▽

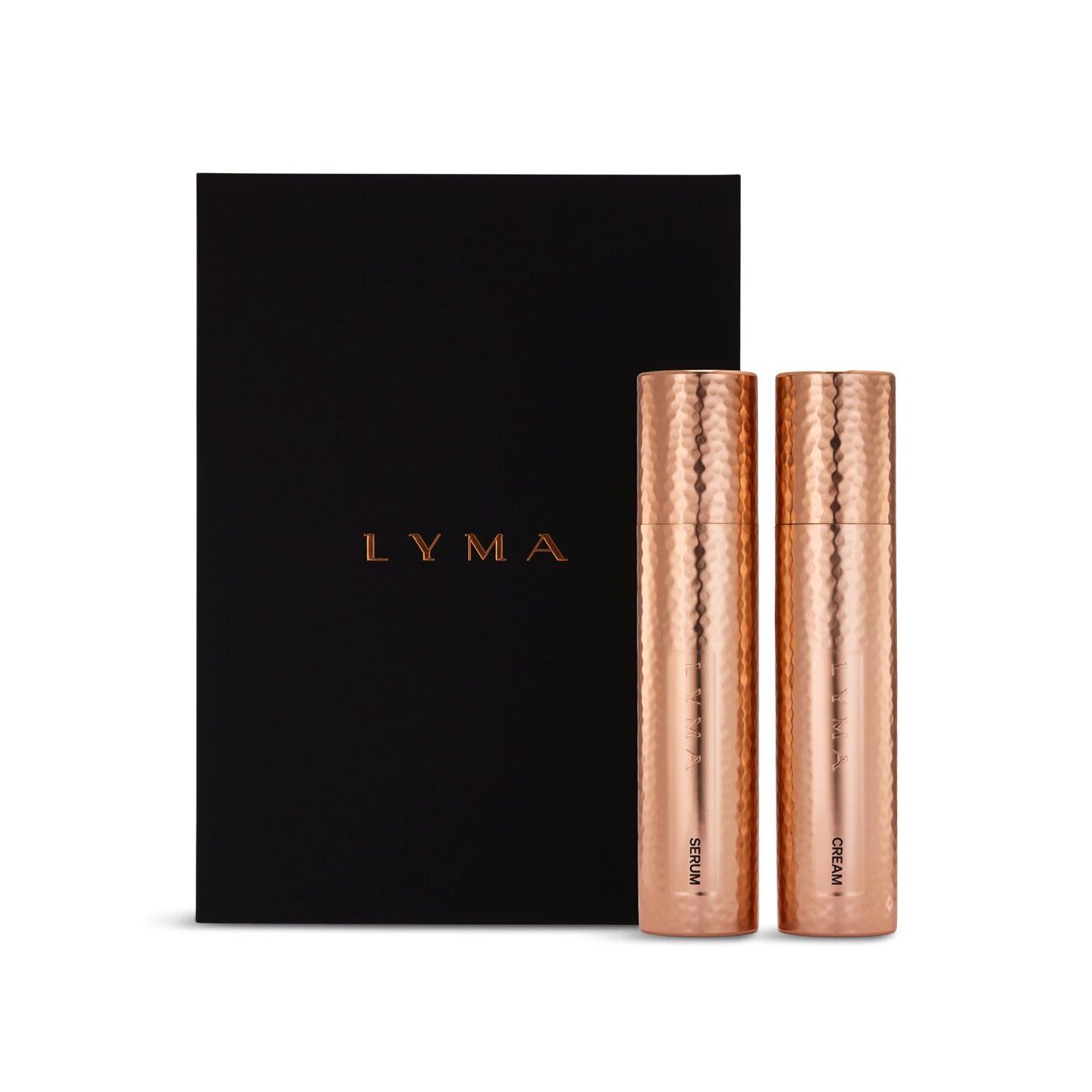Lyma Skincare Serum and Cream Starter Kit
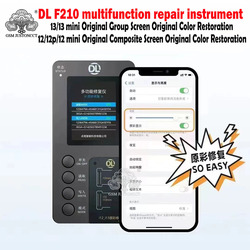 DL F210-Programmeur de rÃ©cupÃ©ration True Tone, copie originale, Ã©cran dominant, outils de rÃ©paration de documents originaux, iPhone 7P 8 XS 11 12 13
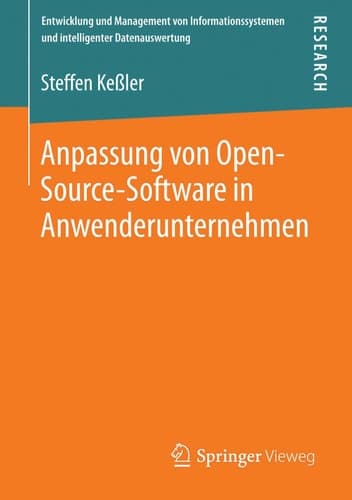 Anpassung von Open-Source-Software in Anwenderunternehmen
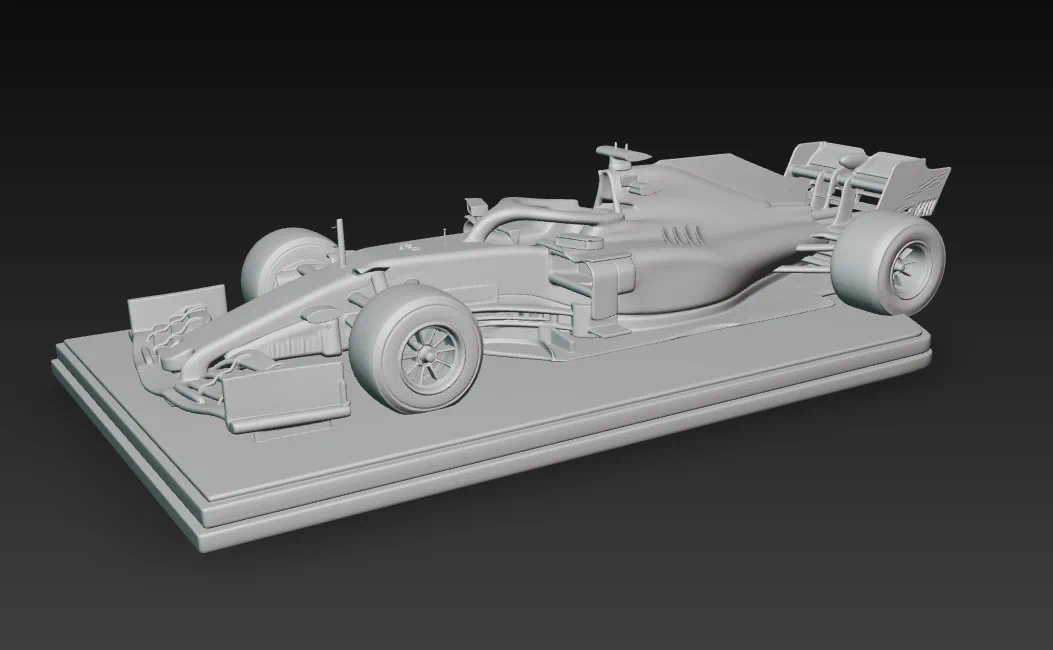 Modelo 3dFerrari F1 Listo para descargar e Imprimir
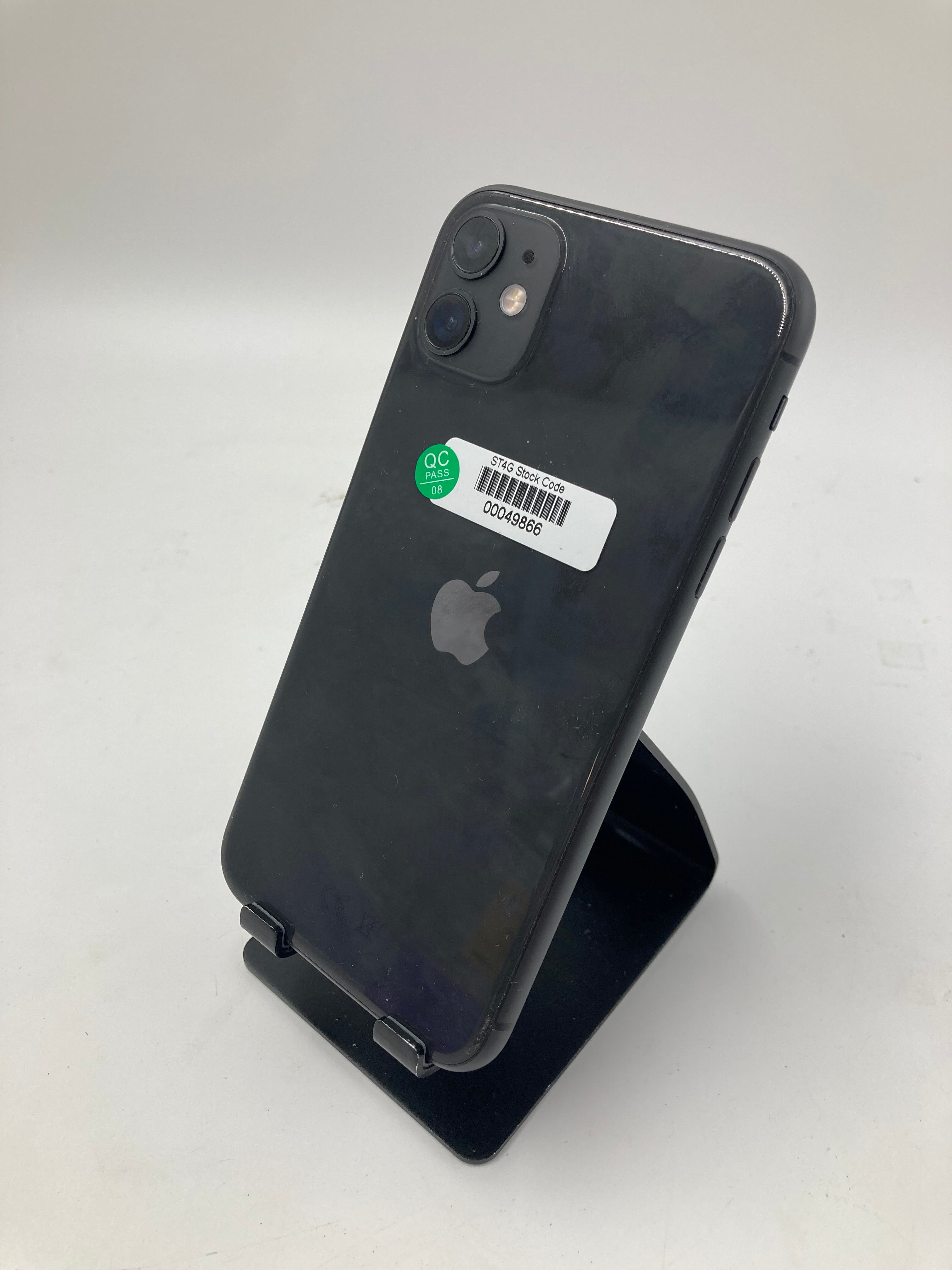 Apple iPhone 11 6.1" A2221 64GB Storage Grey Unlocked 100% Battery Health #2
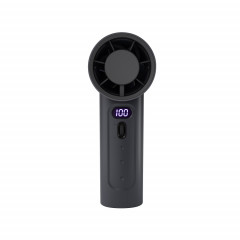 FC1 100 niveaux de vitesse du vent refroidisseur d'été ventilateur de bureau Turbine ventilateur portatif (noir)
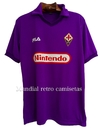 Camiseta Fiorentina Batistuta 1998 - 1999 violeta titular - comprar online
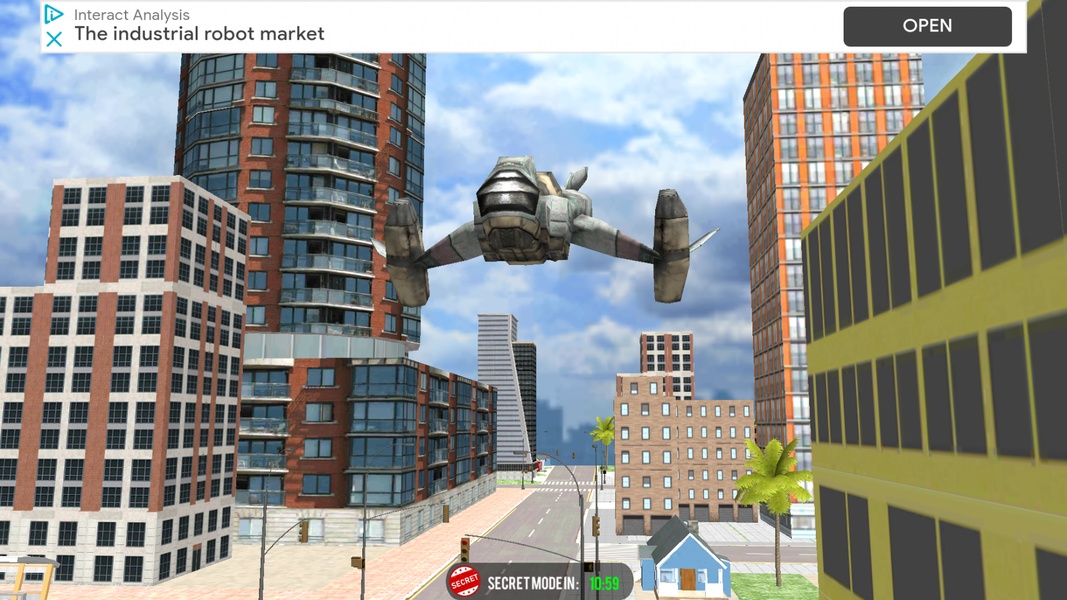 Flying Shark Robot para Android - Baixe o APK na Uptodown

△

A faithful copy of every entry is needed, omitting each image.

> _Result for this task_
Lyma Skincare Serum and Cream Starter Kit
 DL F210-Programmeur de rÃ©cupÃ©ration True Tone, copie originale, Ã©cran dominant, outils de rÃ©paration de documents originaux, iPhone 7P 8 XS 11 12 13
 Anpassung von Open-Source-Software in Anwenderunternehmen
 Modelo 3dFerrari F1 Listo para descargar e Imprimir
 Apple iPhone 11 6.1" A2221 64GB Storage Grey Unlocked 100% Battery Health #2
 FC1 100 niveaux de vitesse du vent refroidisseur d'été ventilateur de bureau Turbine ventilateur portatif (noir)
 Camiseta Fiorentina Batistuta 1998 - 1999 violeta titular - comprar online
 Flying Shark Robot para Android - Baixe o APK na Uptodown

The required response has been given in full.